I don’t think STEM has done the technology sector any favours. You hear more people complaining about the quality of students coming out of universities now, and we’ve been focusing on STEM for 15 years. – Todd Thibodeaux

Q. So what about the role of assessment? Are we going to see more of a move towards competency-based learning, and away from the traditional exam model?

GH: It’s going to take an educational revolution. It really is. Because we’re too fixated on the current model.

No one political party will take the risk I don’t think.

But it’s going to take somebody to take the current model, throw it out the window, and consider something else.

TT: The current model is based on knowledge recall, not on competencies. We’re in the process of patenting in the US what we call adaptive competency assessment. So instead of taking a fixed exam that gets marked up, and there’s a score, the students would go through progressively harder levels, and the information or skills that they would have to demonstrate in the exam array from easy to hard.
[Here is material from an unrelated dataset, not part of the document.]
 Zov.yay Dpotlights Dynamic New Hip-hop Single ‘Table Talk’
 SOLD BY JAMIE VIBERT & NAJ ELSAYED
So then the next level is demonstrably harder. The thing with exams now, is that some kids get 100% on those tests, but you’re hurting the kids who don’t do well in that specific environment, and you’re also not seeing the full range of how the kids are actually doing.

One of my big arguments with education in general is that we haven’t really retooled it for the Google world. So all this stuff that we’re forcing kids to learn and remember, they have it at their fingertips. Instead we should be spending time on finding out what kids are really good at. I think we spend at least 30–40% too much time cramming kids full of knowledge that they can get anytime they want. For instance, somebody who gravitates towards being a taxi driver obviously has a lot of patience. They must like dealing with people to some degree, they can keep themselves organised and run their business. And they could have jobs in lots of other fields that require those skills. But the vast majority of jobs don’t require advanced maths skills, yet we’re forcing all these kids to try to be really good at maths, when some of them are naturally, and some of them are not. So why not spend time trying to raise up maths skills in those that aren’t naturally predisposed to it, when you can focus on the skills they do have? We’re trying to break these old-school dogmas.